INDIANAPOLIS — Indiana is sending inmates back to Arizona after two disturbances in nine months involving prisoners from that state at an Indiana prison.
The Indiana Department of Correction’s prisoner-housing contract with Arizona has ended and inmates housed at the New Castle Correctional Facility soon will be returned to the western state, DOC spokesman Doug Garrison said Friday.
George Zoley, chairman and chief executive of the private company that operates the prison, Boca Raton, Fla.-based Geo Group Inc., first revealed the impending departure of the Arizona prisoners in a teleconference with stock analysts on Feb. 13. A transcript of the conversation was posted online this week.
“It’s no surprise the Arizona inmates are going back to Arizona.
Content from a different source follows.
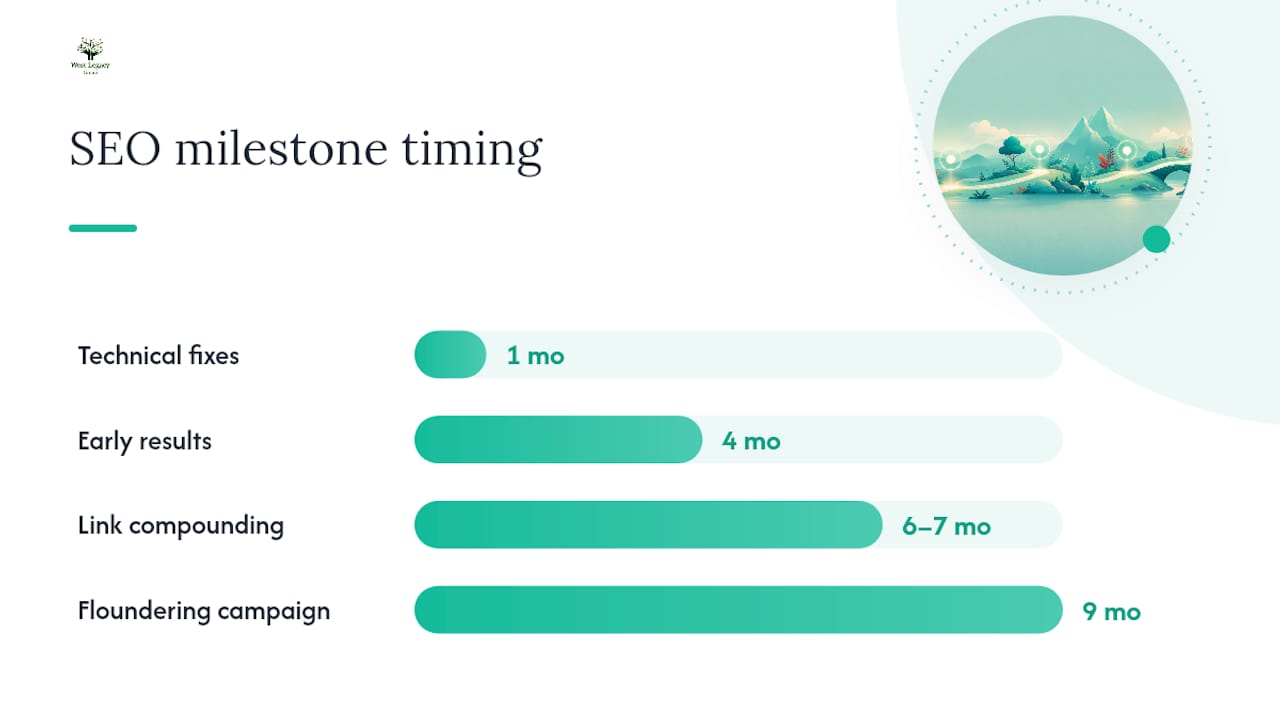 How can you speed up SEO results without cutting corners? — overview diagram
We’ve said that all along,” Garrison said.
Zoley had told analysts in February he expected the transfer of about 630 Arizona inmates to begin in early April, but Garrison declined to discuss the timing of the transfers for security reasons.
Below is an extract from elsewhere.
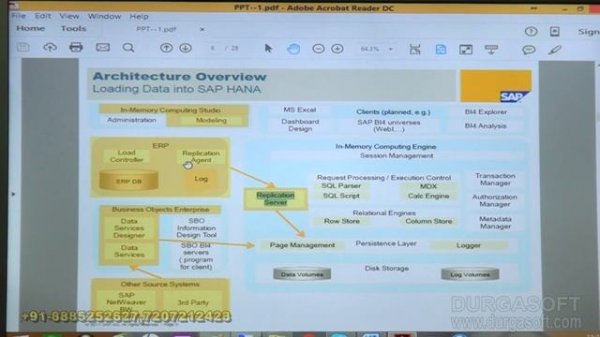 SAP || SAP Hana Part - 1 by Raju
Trina Randall, a spokeswoman for the 2,200-inmate, medium-security New Castle prison, declined to discuss details of the transfers on Friday. She told The Star Press of Muncie for a story Friday that the transfers had not yet begun.
The transfers will end an initiative that has been troubled almost since the time the deal was announced in March 2007. The contract called for Indiana to house as many as 1,260 inmates with Arizona paying $64 a day per inmate.
The following April 24, about 500 prisoners from Arizona and Indiana burned mattresses and broke windows during a two-hour disturbance. A total of 28 inmates, all but one from Arizona, were charged with crimes including criminal confinement and battery. Eight prisoners and two staff members suffered minor injuries.
In January, four to six prisoners, including some from Arizona, fought with the guards during an outdoor exercise period.
Late last year Indiana prison officials were telling Arizona they were running out of room for the out-of-state inmates.
“Capacity is always an issue for the Department of Correction,” Garrison said. “The contract ended by mutual agreement of the parties.”
Arizona Department of Corrections spokesman Nolberto Machiche confirmed about 630 inmates from that state were to be transferred, and that his agency was working to make room for them in its prisons.